- Ιωάννης Δ. Καραβιδόπουλος
- Born: 10 February 1937 Thessaloniki
- Died: 15 April 2023 (aged 86)
- Alma mater: Aristotle University of Thessaloniki ;
- Employer: Aristotle University of Thessaloniki (1969–2004) ;
- Position held: professor emeritus (2004–)

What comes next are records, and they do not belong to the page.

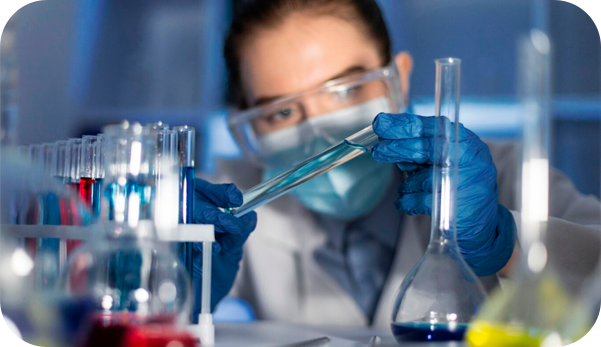 Científica en laboratorio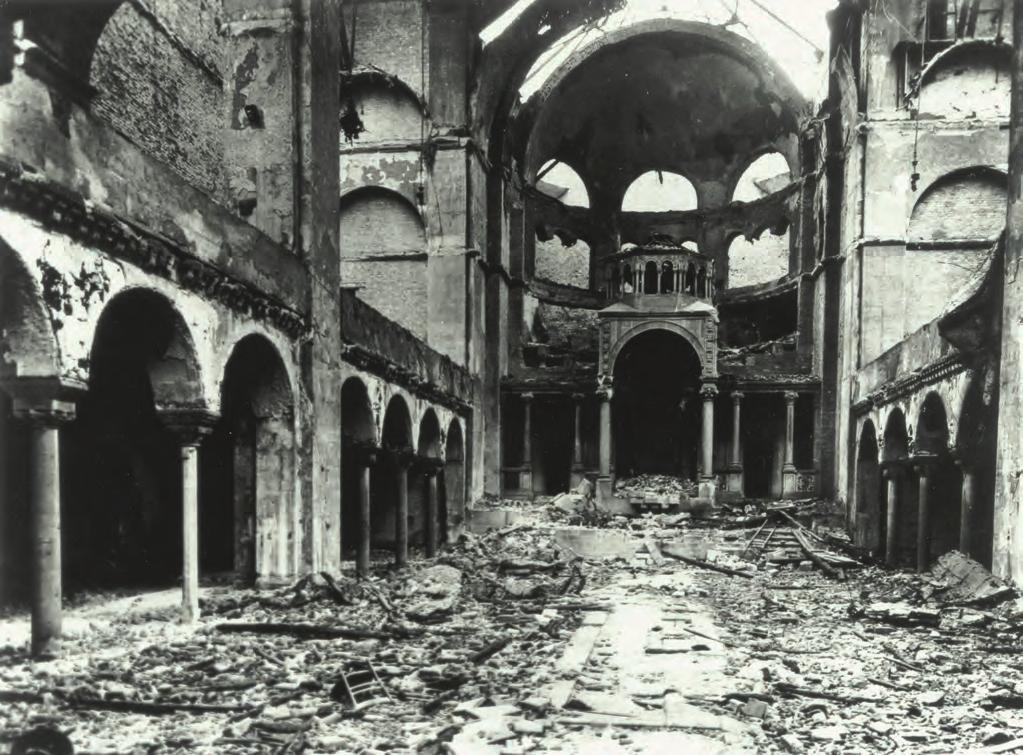 Eine während der Kristallnacht verbrannte Synagoge.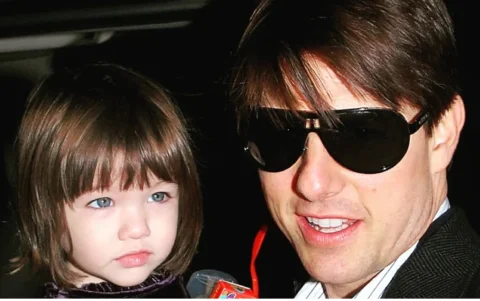 Suri Cruise junto a su padre, Tom Cruise.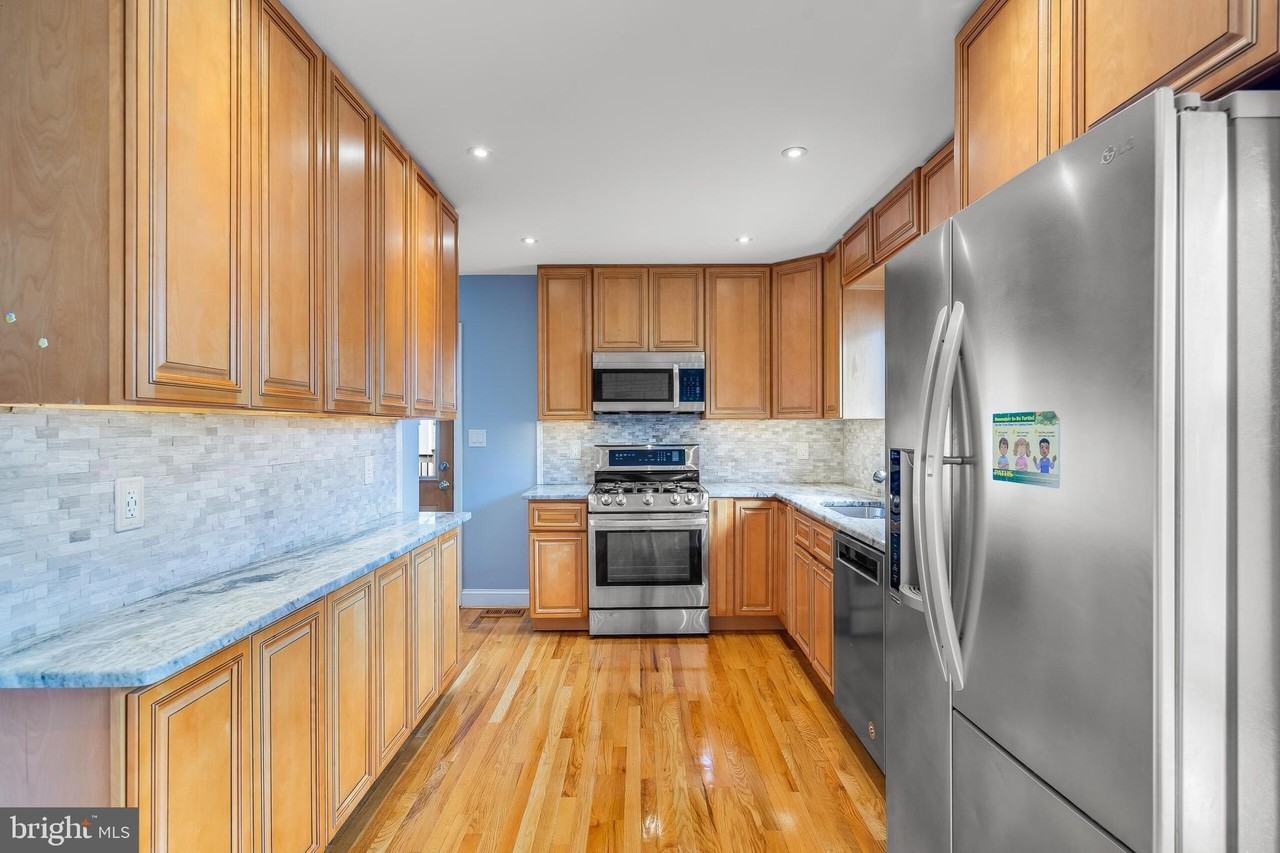 606 Apple Ave - Photo 7 of 40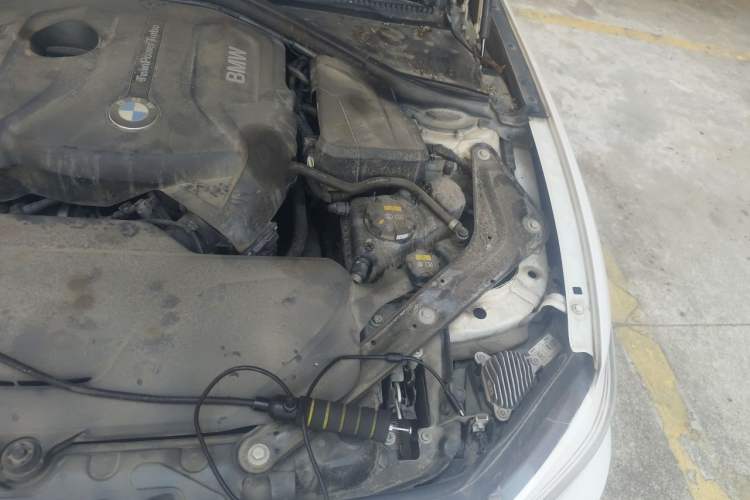Used BMW 2 Series 2019 225i Convertible Coupe Sports Design Package Engine Bay Left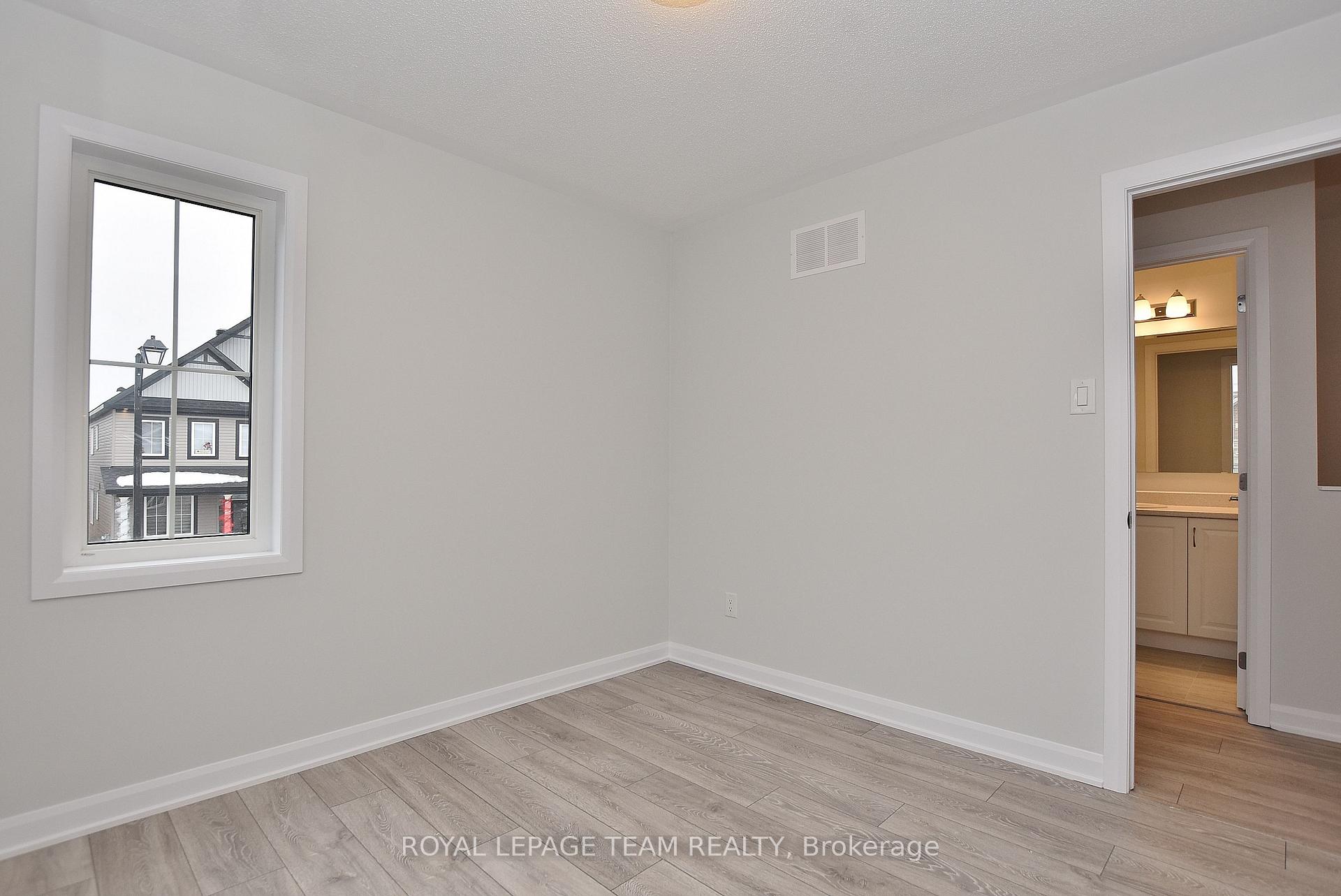 Photo 30 of 22 Sweet Pea Way, Ottawa, Kanata - Kanata Lakes/Heritage Hills — HOMEH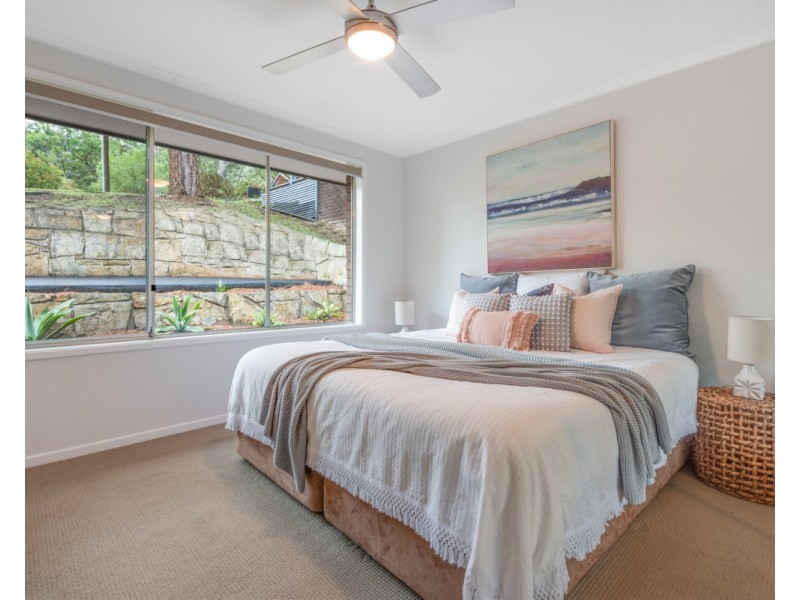 18 South Crescent, North Gosford NSW 2250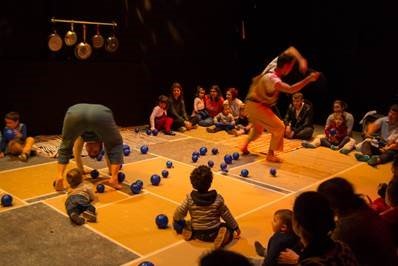 CONVERSAS DE CORPO,  do coletivo Lagoa, foi apresentado na sexta-feira e sábado passado no CAE de...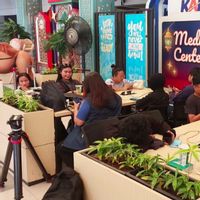 Playground hingga Fotobox Jadi Favorit Penumpang di Stasiun Pasar Senen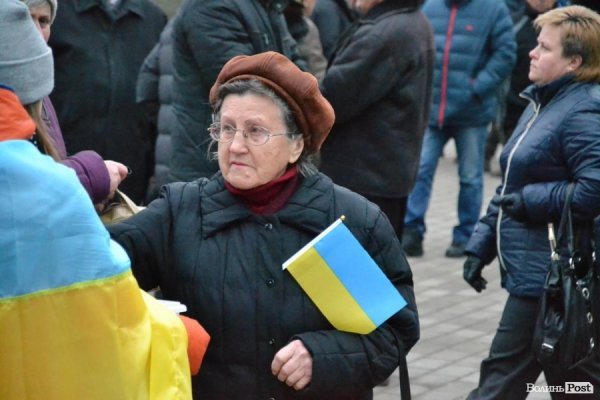 У Луцьку влаштували акцію «Я - Волноваха», щоб вшанувати загиблих на сході. ФОТО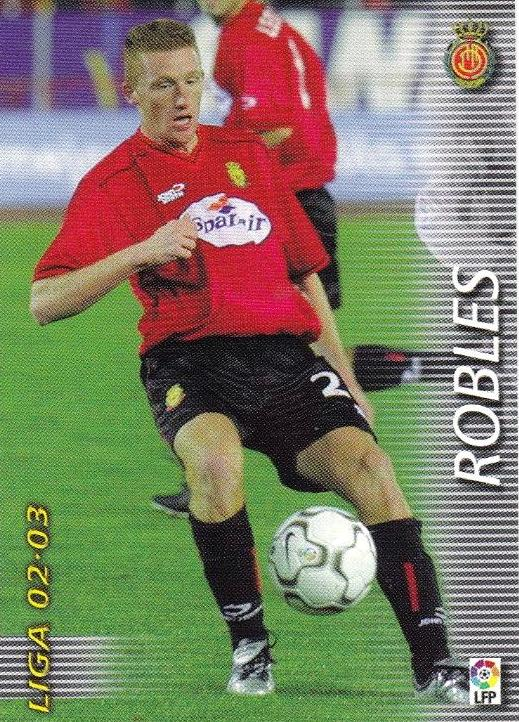 El centrocampista mallorquín Julián Robles jugó en el Pucela en una de las peores épocas de la historia del club.

Fueron dos temporadas en Segunda (04-06) tras el dramático descenso de la 03/04 y lo cierto es que su rendimiento dejó mucho que desear, como el resto del equipo.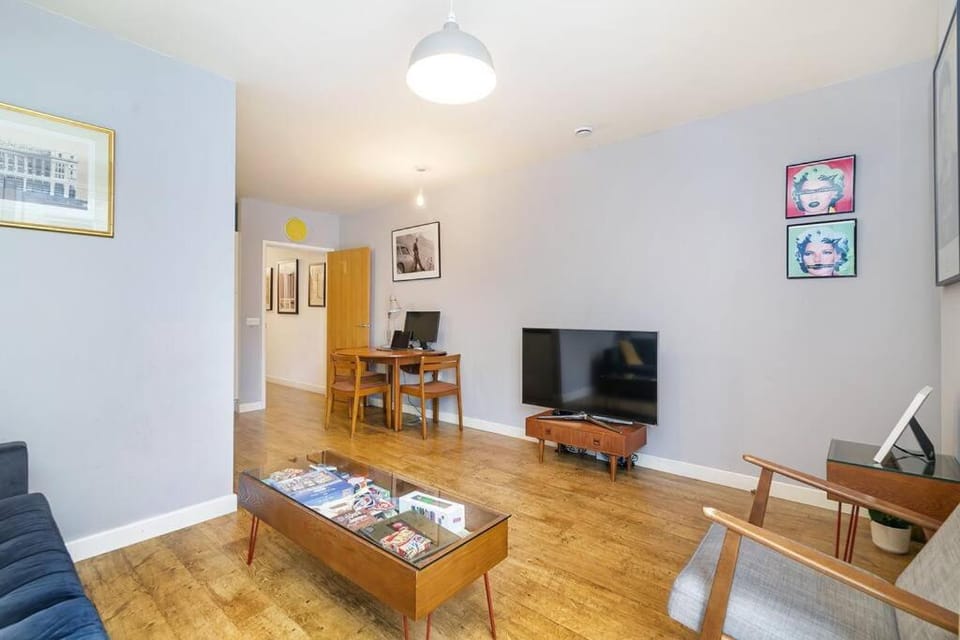Urban Chic: Modern Flat East London next to canal Apartment in London Borough of Islington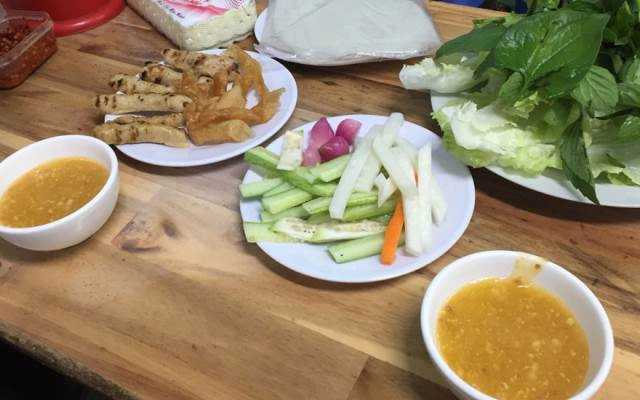 Quán Ăn Đất Sài Gòn - Nem Nướng & Chả Cá
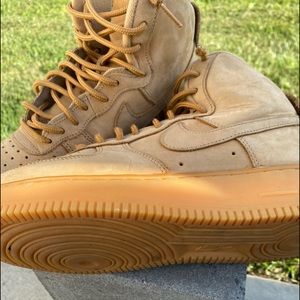 Air Force 1’s high top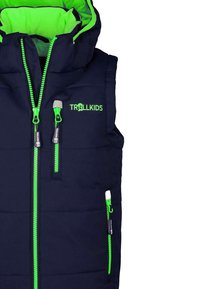Marineblaue gesteppte Weste mit leuchtend grünem Innenfutter, grünen Reißverschlüssen, dem "TROLLKIDS"-Logo und zwei Seitentaschen.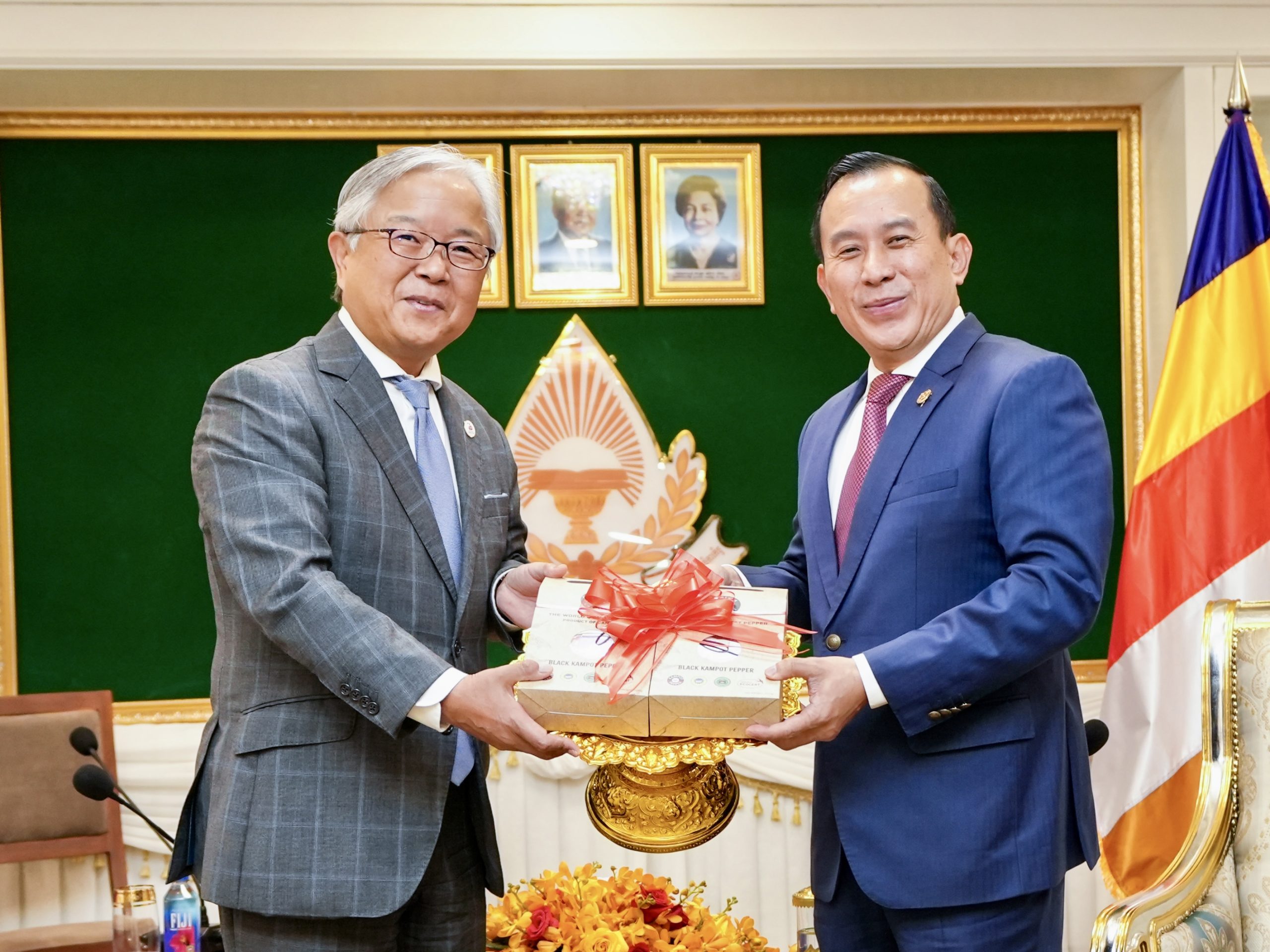 រដ្ឋមន្រ្តីក្រសួងអធិការកិច្ច អនុញ្ញាតឱ្យ ឯកអគ្គរាជទូតប្រទេសជប៉ុន ប្រចាំព្រះរាជាណាចក្រកម្ពុជា ចូលជួបសម្តែងការគួសម និងពិភាក្សាការងារ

= Johannes Karavidopoulos =

Greek theologian (1937–2023)

Johannes Karavidopoulos (Ιωάννης Καραβιδόπουλος, 10 February 1937 – 15 April 2023) was a Greek New Testament scholar.

== Life ==

Karavidopoulos Ioannis Karavidopoulos was born on 10 February 1937 in Thessaloniki and died on 15 April 2023, at the age of 86.

=== Teaching ===

From 1969 to 2004 Karavidopoulos taught New Testament Interpretation at the School Theology of the Aristotle University of Thessaloniki and in 2004 he became professor emeritus.

=== Writings ===

In 1993 he was appointed to the textual committee for the United Bible Societies' Greek New Testament, or Novum Testamentum Graece, at the same time as Barbara Aland, to replace retired earlier committee members Matthew Black and Allen Wikgren.